• _ACTIVITY_: Your task is to write out every line of the data exactly. Drop the pictures.

[Stored entries]
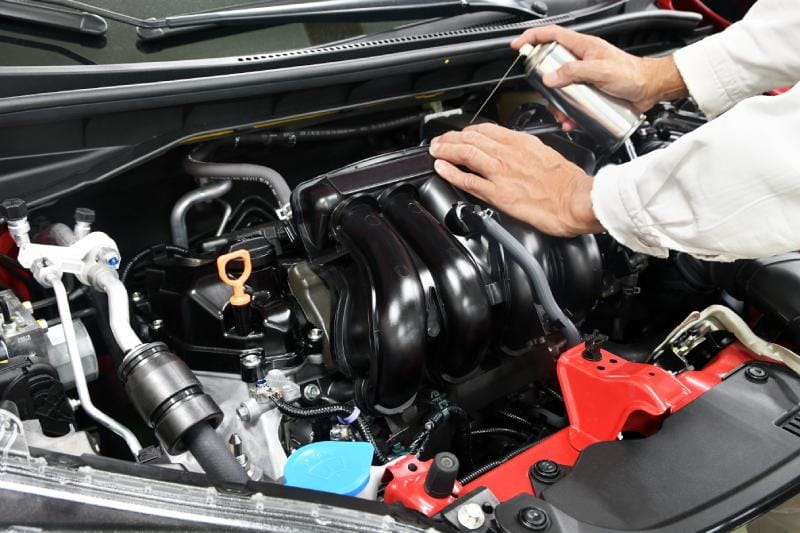 Car engine room under maintenance putting degreaser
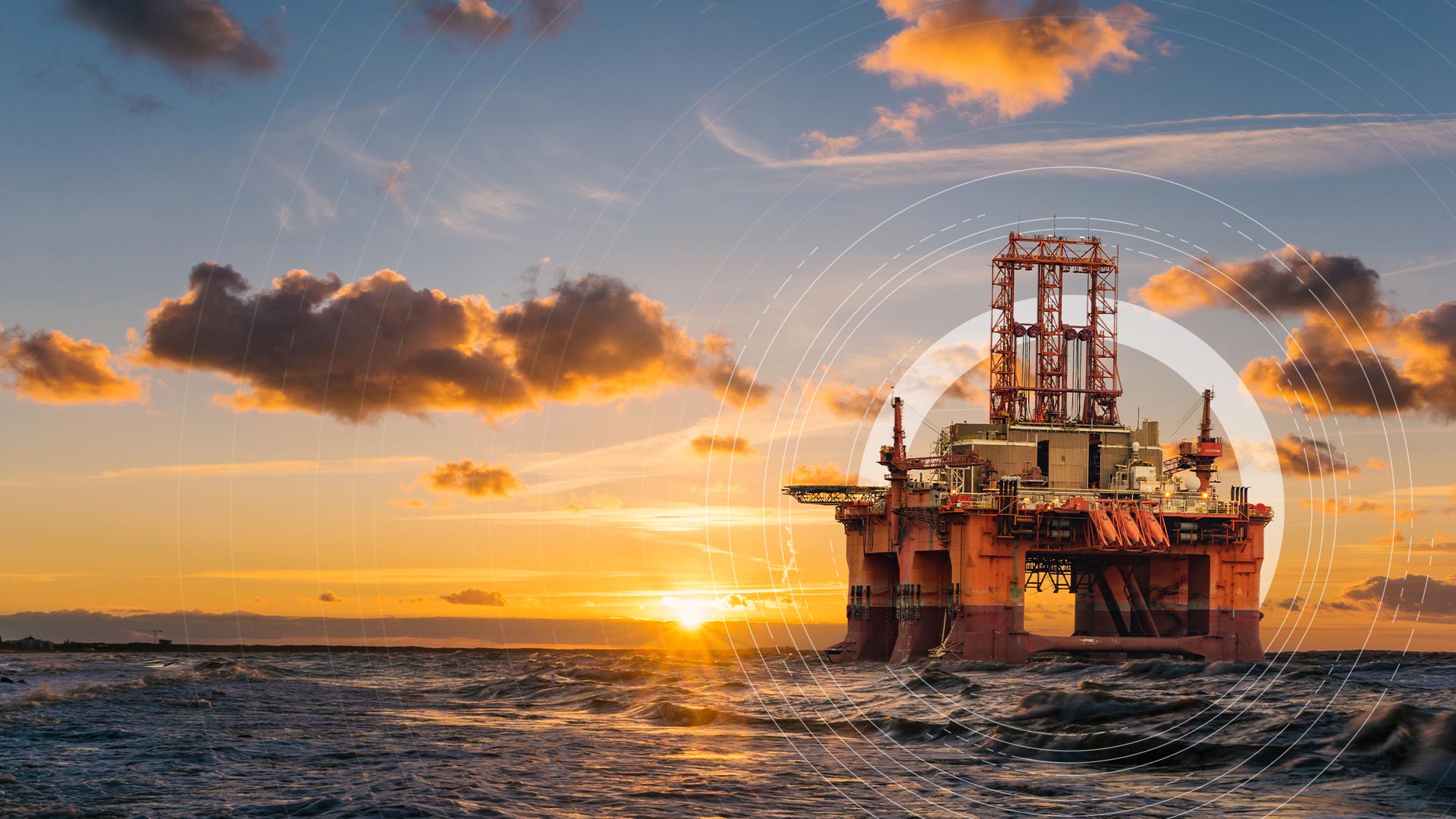 Argus Media branding focus circle over image of an oil rig at sea as the sun sets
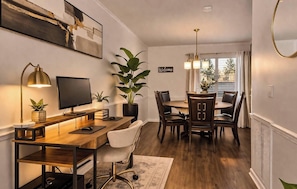 A modern dining area with a wooden table, chairs, a TV, and a large plant. - Roll Tide Dreams for 6 (Tuscaloosa)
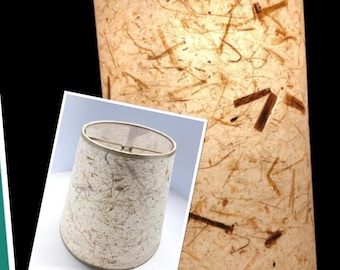 May include: A white lampshade with a textured, paper-like surface. The shade has a brown, metallic trim around the top edge.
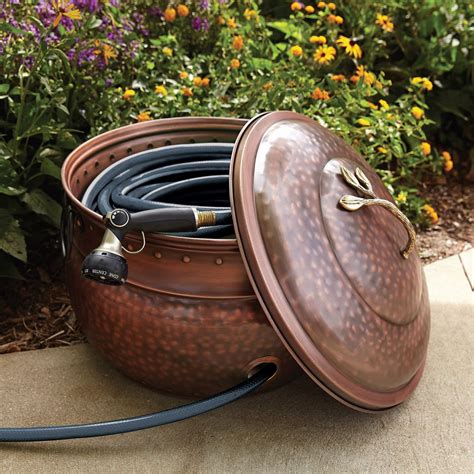 Decorative Garden Hose Holder Storage Pot with Lid | Copper Hose Container Pot Outdoor or Indoor Use | Expandable Water Hose Hider | Holds 100 ft Hose. 4.3 out of 5 stars. 372. 50+ bought in past month. $149.95 $ 149. 95. List: $159.95 $159.95. $10.00 coupon applied at checkout Save $10.00 with coupon.. 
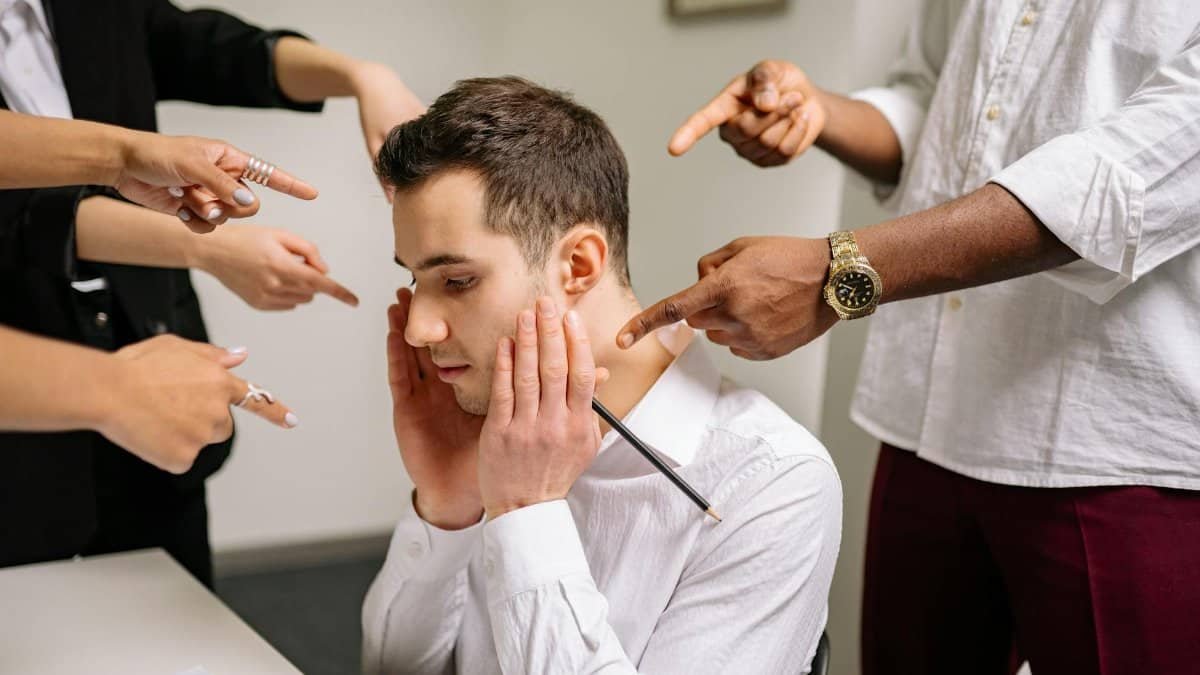 A stressed man at the office surrounded by pointing fingers, representing workplace bullying and stress.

• _RESPONSE BOX_:
 Car engine room under maintenance putting degreaser
 Argus Media branding focus circle over image of an oil rig at sea as the sun sets
 A modern dining area with a wooden table, chairs, a TV, and a large plant. - Roll Tide Dreams for 6 (Tuscaloosa)
 May include: A white lampshade with a textured, paper-like surface. The shade has a brown, metallic trim around the top edge.
 Decorative Garden Hose Holder Storage Pot with Lid | Copper Hose Container Pot Outdoor or Indoor Use | Expandable Water Hose Hider | Holds 100 ft Hose. 4.3 out of 5 stars. 372. 50+ bought in past month. $149.95 $ 149. 95. List: $159.95 $159.95. $10.00 coupon applied at checkout Save $10.00 with coupon.. 
 A stressed man at the office surrounded by pointing fingers, representing workplace bullying and stress.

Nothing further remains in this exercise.